It takes seven songs until we get to the first big chart-topper in the shape of ’22’, but her army of teenage fans have been standing since the very beginning and silently mouthing the lyrics to each song as if they’re in a stunned state of shock. For the casual fan, though, this is the moment where it feels like things are finally underway.

Taylor drags out an already lean setlist by giving even Jessie J a masterclass on how to give preachy, self indulgent speeches between each and every song. Maybe we am just a cynic of love but we go to concerts to shake our bum, scream the lyrics out and twerk a little, not to be preached at about true love, the symbolisation of colours, the art of songwriting and how to handle pesky boys. The 12-year-old girls, however, were lapping it up.

We also can’t disguise our disappointment at the choice of guest act on the night we attended. During The Red World Tour, Taylor has been joined each night with a VIP guest to sing one of their biggest hits. Cher Lloyd, Jennifer Lopez, Ed Sheeran, Carly Simon and Ellie Goulding have all joined her at some point – but we ended up with Danny ‘bloody’ Donoghue from The Script. Credit where it’s due, though, their performance of ‘The Man Who Can’t Be Moved’ was a highlight of the night and the song suited Taylor perfectly.


It won’t surprise any readers that ‘I Knew You Were Trouble’ and ‘We Are Never Ever Getting Back Together’ were the biggest moments of the night – though Taylor often came under risk of being drowned out by the huge production on these numbers.
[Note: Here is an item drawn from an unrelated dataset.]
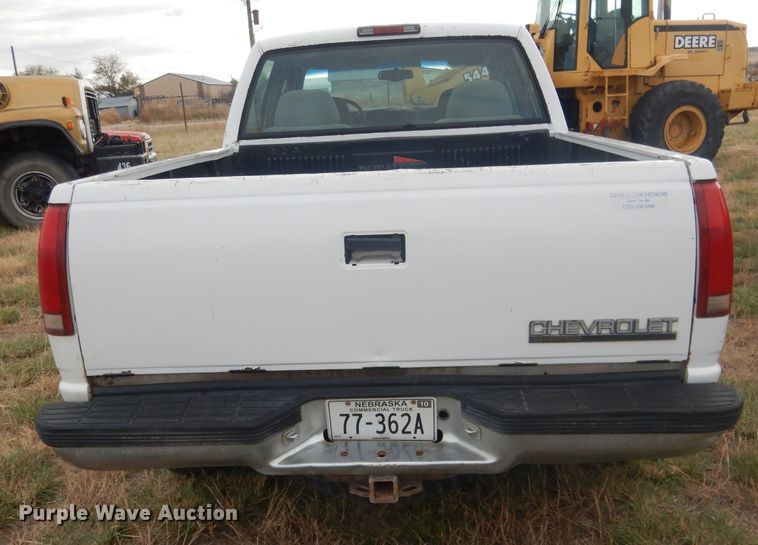 image for item HU9308 1998 Chevrolet K1500  Crew Cab pickup truck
It was ‘Love Story’ that reminded us why we first fell in love with Taylor.

There’s no encore here, but that’s fine – there’s a tube strike and 20,000 people at The O2 are starting to get anxious. (sidenote: it took just under three hours just to leave the venue.)
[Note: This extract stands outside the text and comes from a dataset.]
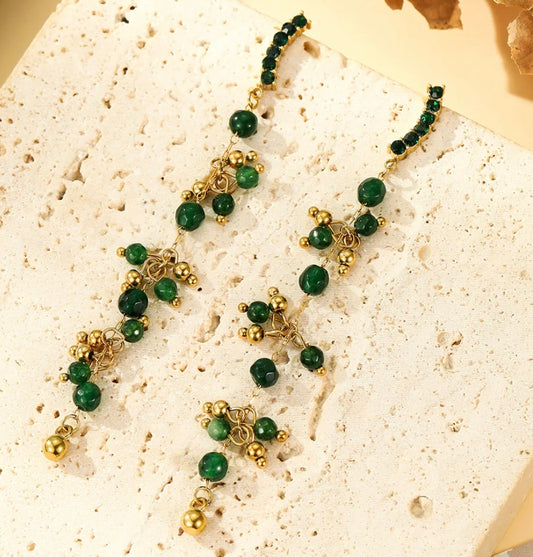 Boucle d’oreille longue perle verte et doré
A skilled musician, it’s clear to see that Taylor is much more comfortable when behind a rhinestone laced guitar or a grand piano than she is parading around trying to pull off basic choreography.
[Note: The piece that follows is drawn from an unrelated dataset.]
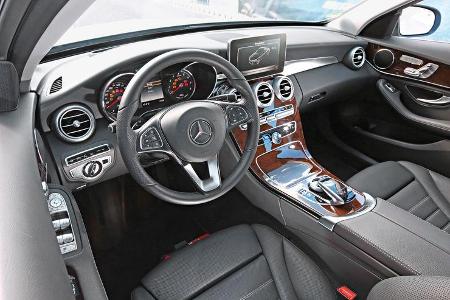 Mercedes C 350e, Cockpit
Taylor’s entire career seems to be stuck in the middle of either heartfelt (but at times dreary) ballads or big, thumping uptempos which may work on radio but in a live environment comes off odd, as it is these huge numbers that expose all of Taylor’s weaknesses.

She’s a big talent, but we hope her next era is a little more stripped back.

The setlist for the concert at The O2 on Tuesday 4 February was:

  • ‘State of Grace’
  • ‘Holy Ground’
  • ‘Red’
  • ‘You Belong with Me’
  • ‘The Lucky One’
  • ‘Mean’
  • ’22’
  • ‘Fearless’
  • ‘Sparks Fly’
  • ‘The Man Who Can’t Be Moved’ – Feat. Danny Donoghue of The Script
  • ‘I Knew You Were Trouble’
  • ‘All Too Well’
  • ‘Love Story’
  • ‘Treacherous’
  • ‘We Are Never Ever Getting Back Together’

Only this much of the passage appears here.